▸ Exercise brief: From the line containing "206 Paul Court" to the final line of the entries, copy each line exactly. Pictures stay out.

▸ The records:

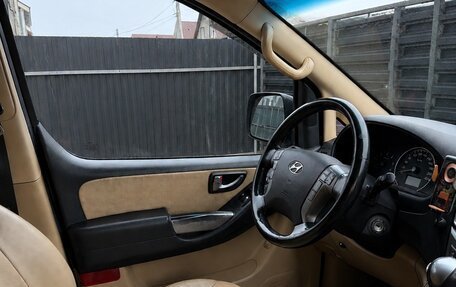 Hyundai H-1 II рестайлинг, 2016 год, 1 800 000 рублей, 10 фотография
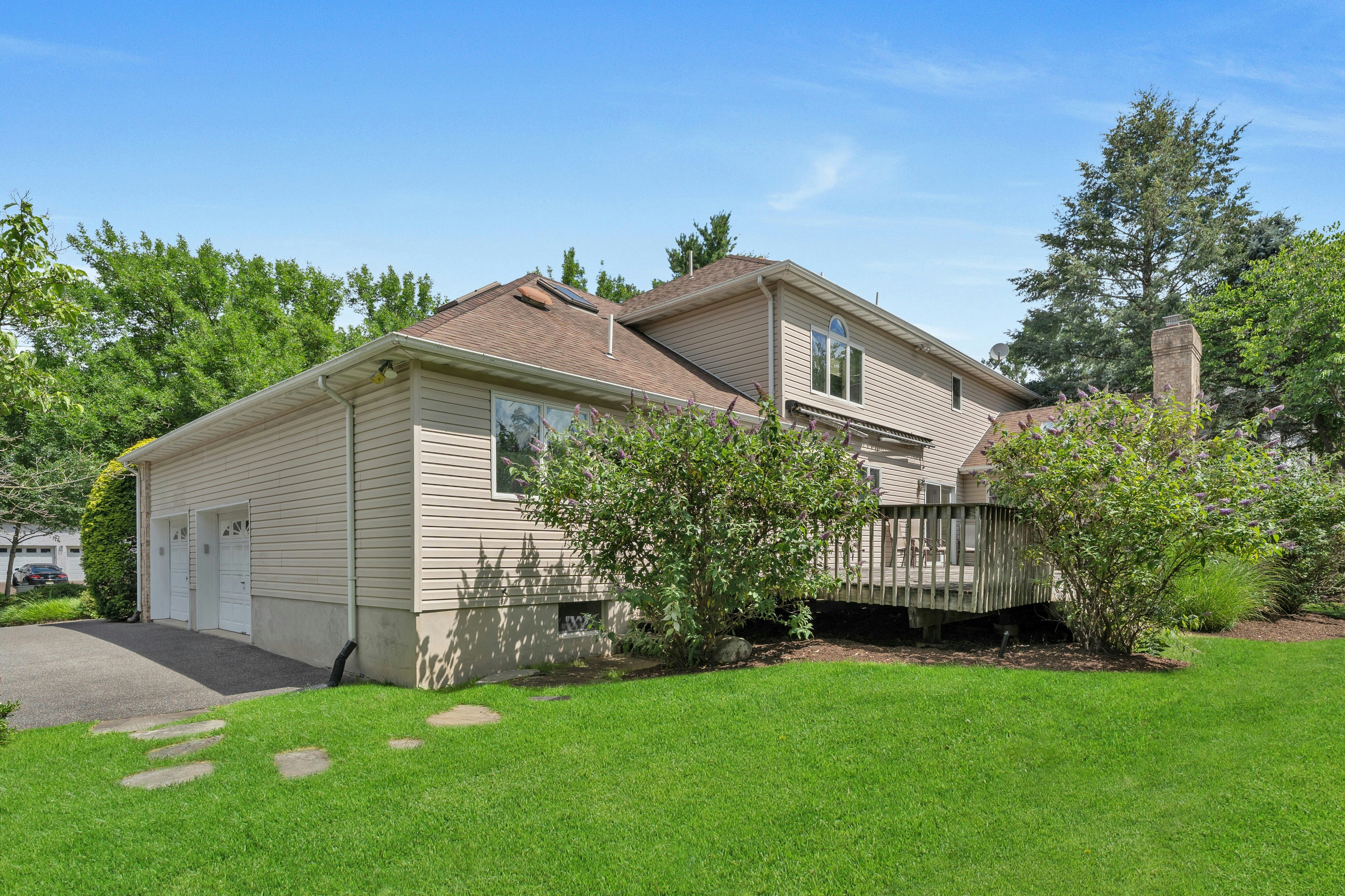 206 Paul Court 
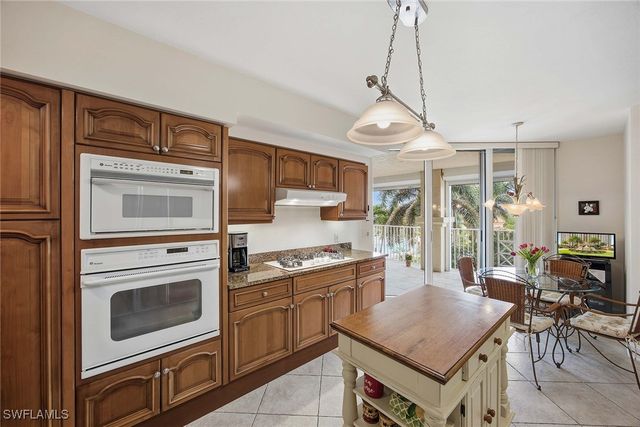 6597 Nicholas BLVD E 405, Naples, FL 34108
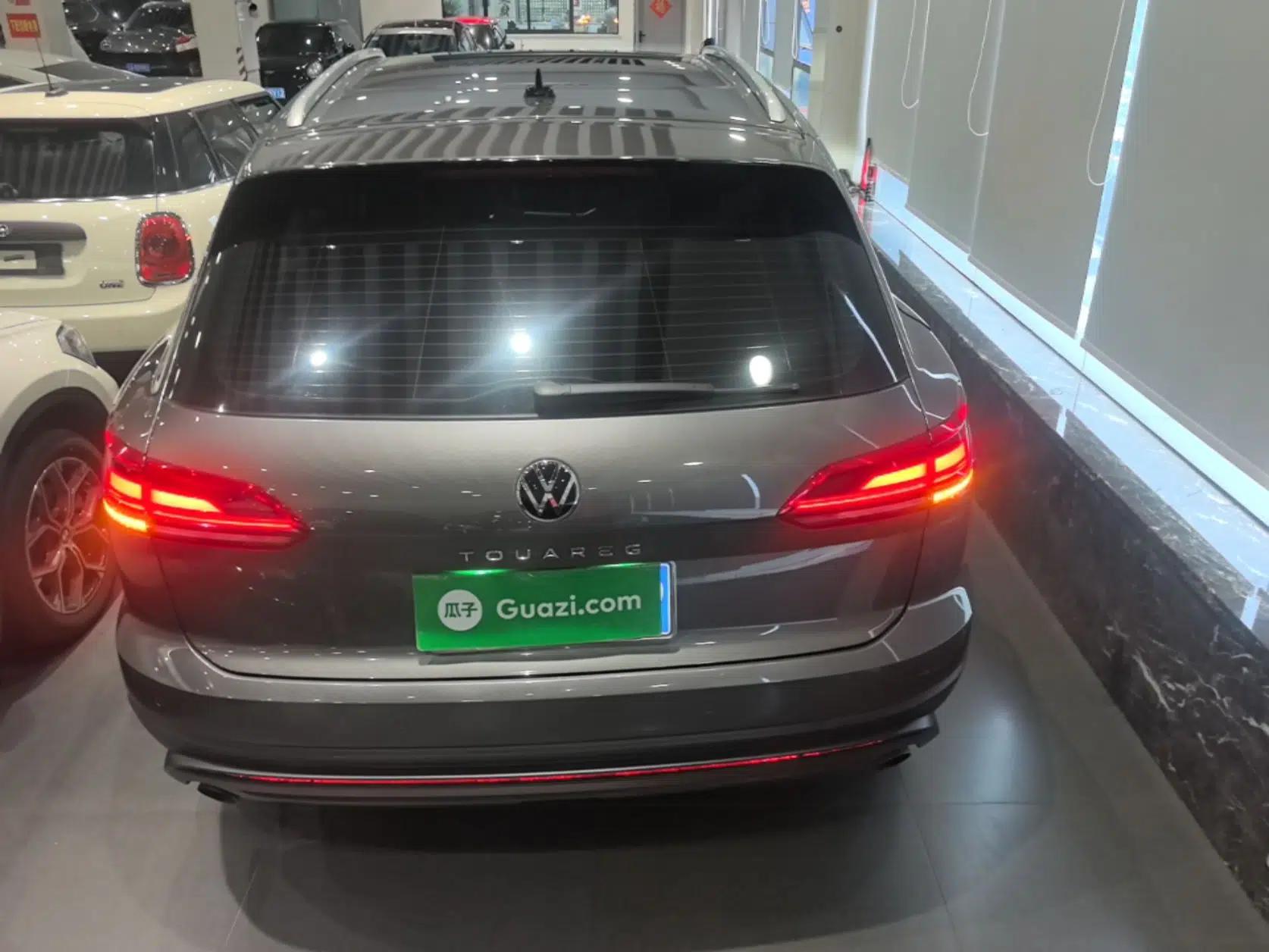 Volkswagen Touareg 2021 2.0 TSI Flagship Special Edition — миниатюра 5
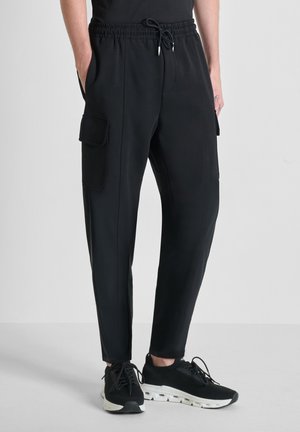 REGULAR FIT IN INTERLOCK WITH PATCH ON POCKET - Pantaloni cargo - black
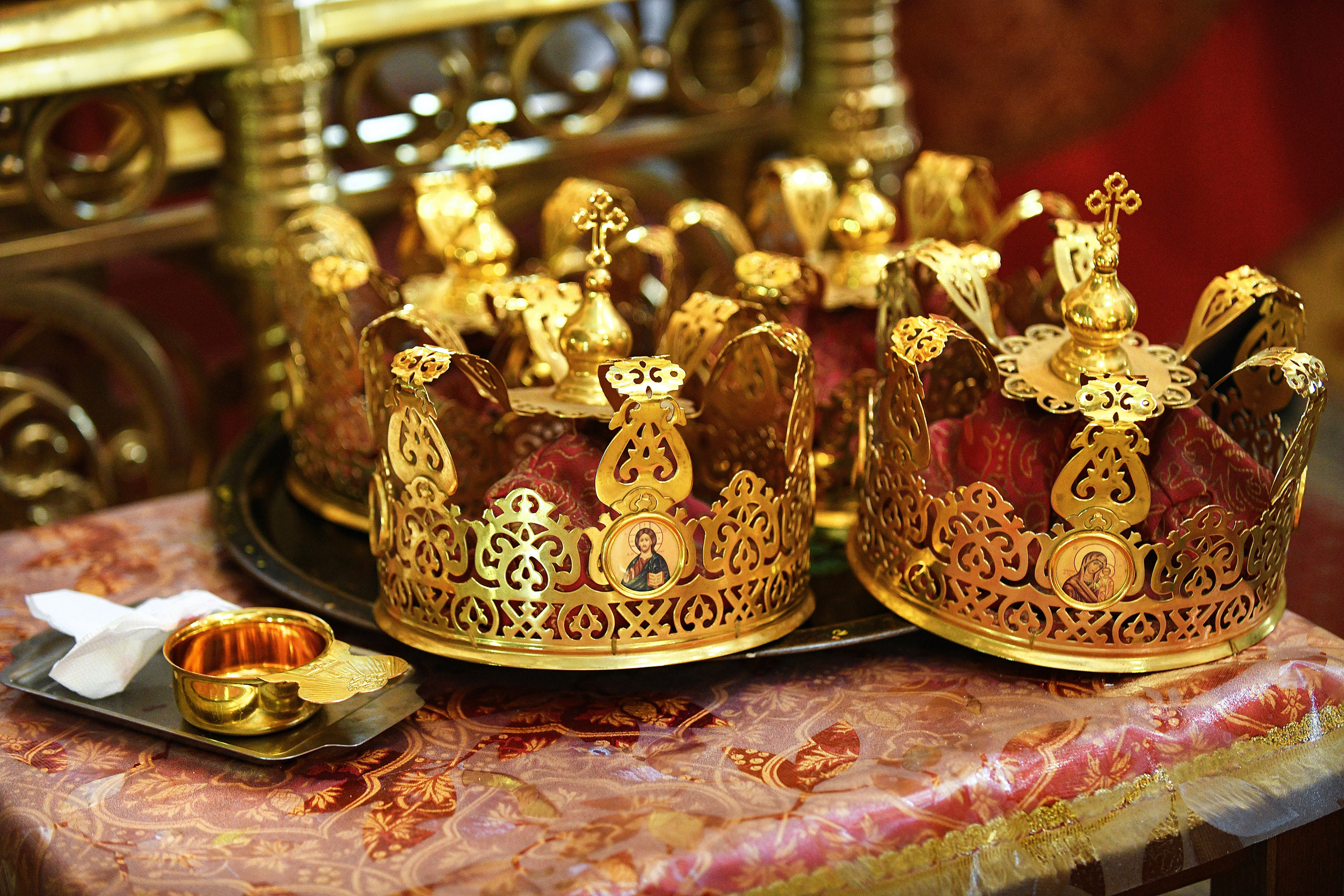 Венчание в Никольской церкви. Свадебный и портретный фотограф в Москве Галина Борисова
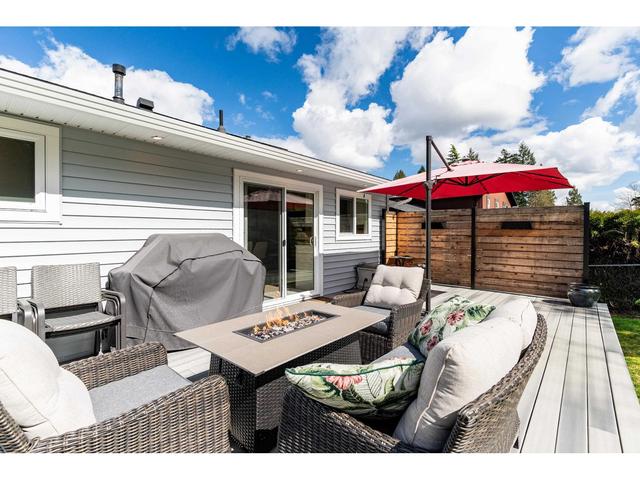 20548 95a Ave, House detached with 3 bedrooms, 3 bathrooms and 6 parking in Langley BC | Image 32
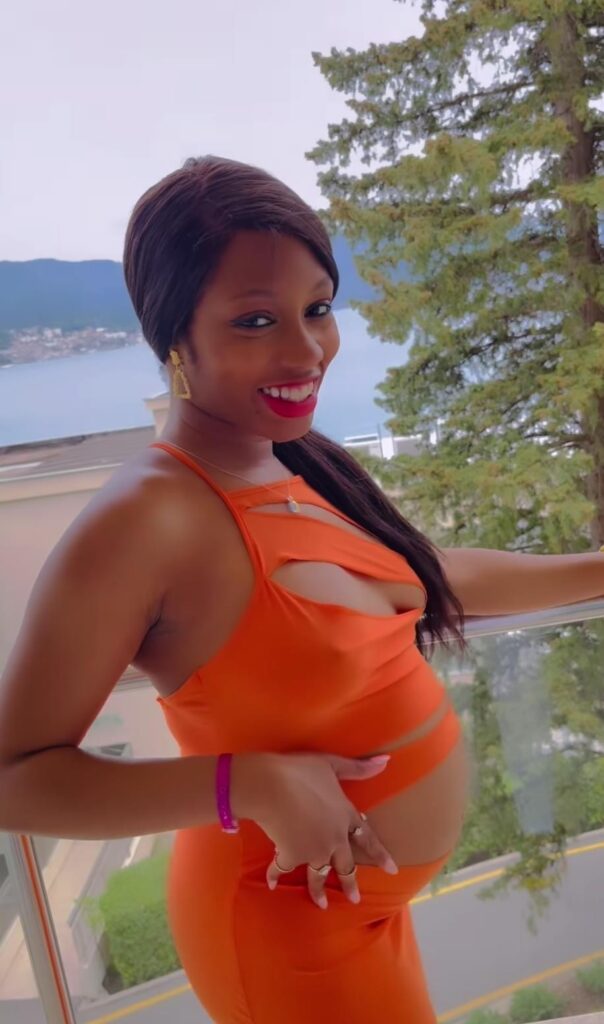 Reality TV Stars Khafi, Gedoni Expecting Second Baby (Photos) 3 Reality TV Stars Khafi, Gedoni Expecting Second Baby (Photos)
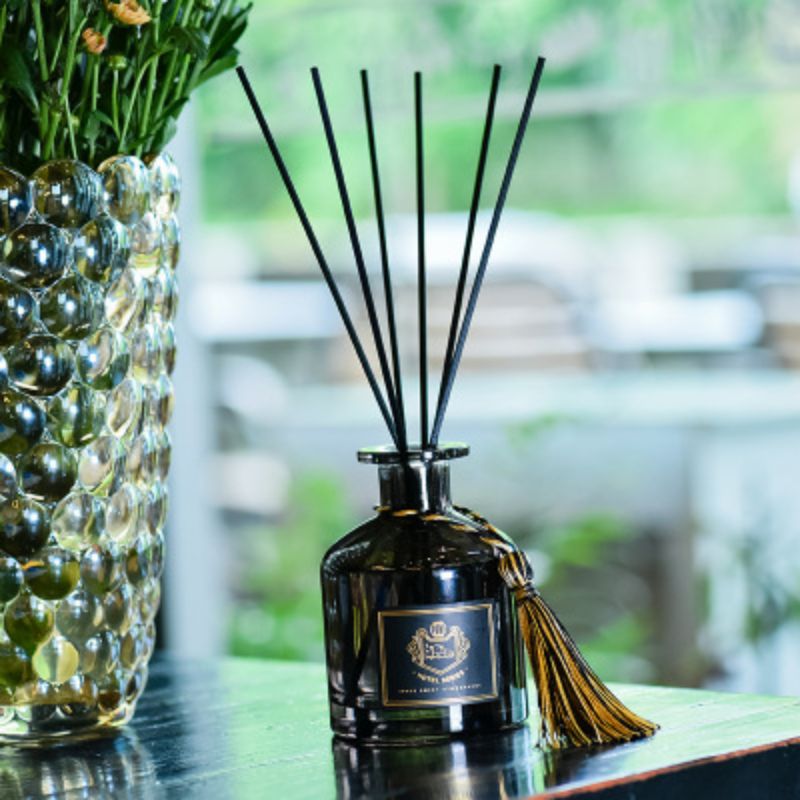 Luxury Customized 200ml clear Matt Black Essential Oil Perfume Glass Reed Diffuser Bottle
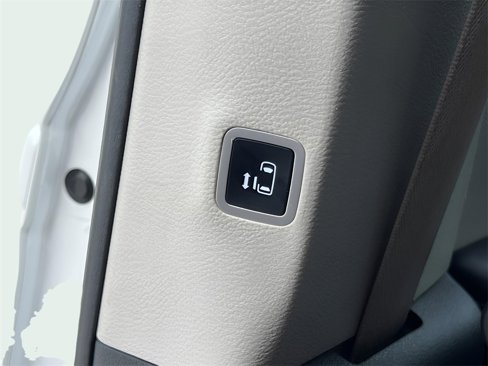Used 2021 Chrysler Voyager Lxi image 33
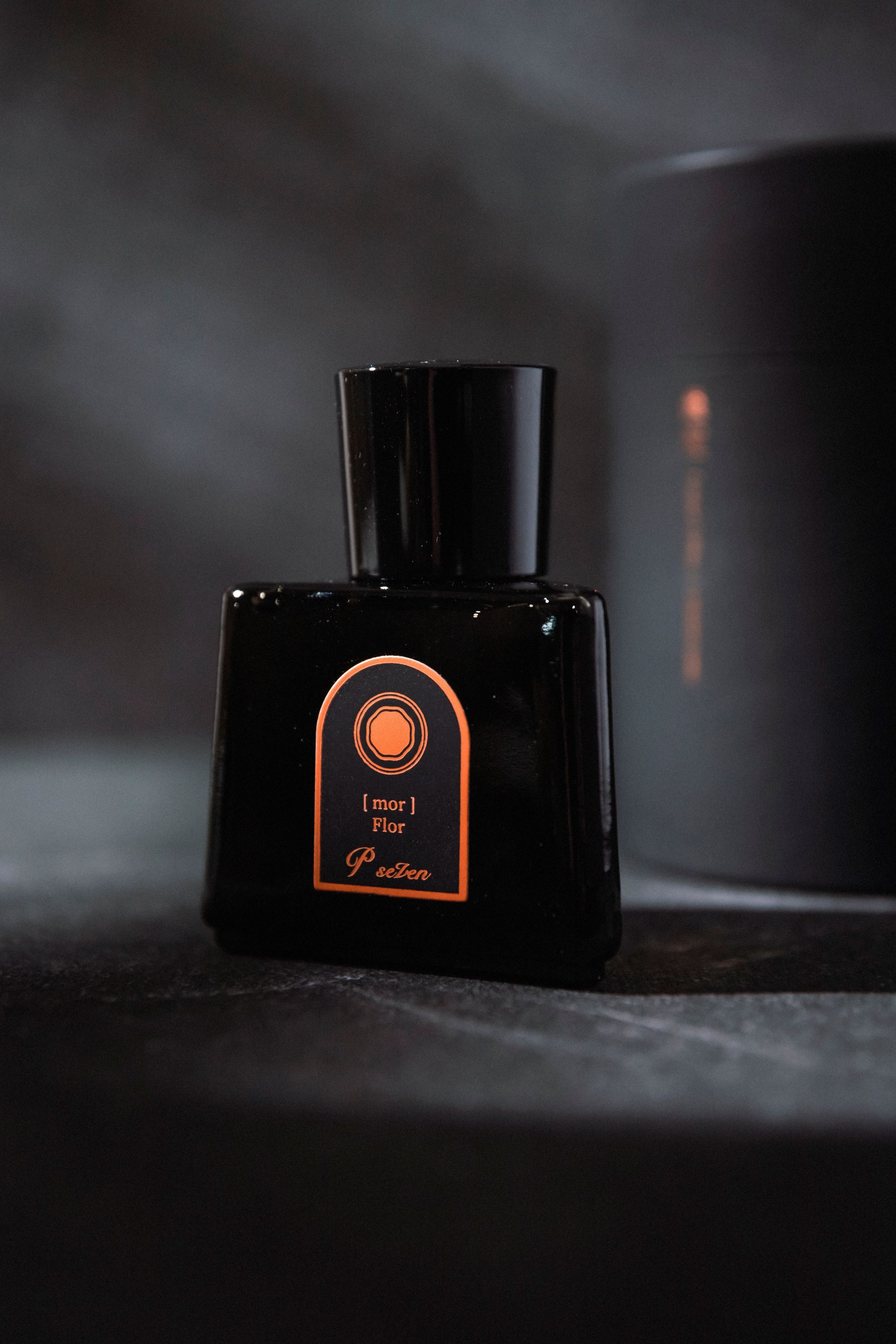 P.Seven  [mor] 《 Flor 墨花 》香水 66ml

▸ Answer below:
 206 Paul Court 
 6597 Nicholas BLVD E 405, Naples, FL 34108
 Volkswagen Touareg 2021 2.0 TSI Flagship Special Edition — миниатюра 5
 REGULAR FIT IN INTERLOCK WITH PATCH ON POCKET - Pantaloni cargo - black
 Венчание в Никольской церкви. Свадебный и портретный фотограф в Москве Галина Борисова
 20548 95a Ave, House detached with 3 bedrooms, 3 bathrooms and 6 parking in Langley BC | Image 32
 Reality TV Stars Khafi, Gedoni Expecting Second Baby (Photos) 3 Reality TV Stars Khafi, Gedoni Expecting Second Baby (Photos)
 Luxury Customized 200ml clear Matt Black Essential Oil Perfume Glass Reed Diffuser Bottle
Used 2021 Chrysler Voyager Lxi image 33
 P.Seven  [mor] 《 Flor 墨花 》香水 66ml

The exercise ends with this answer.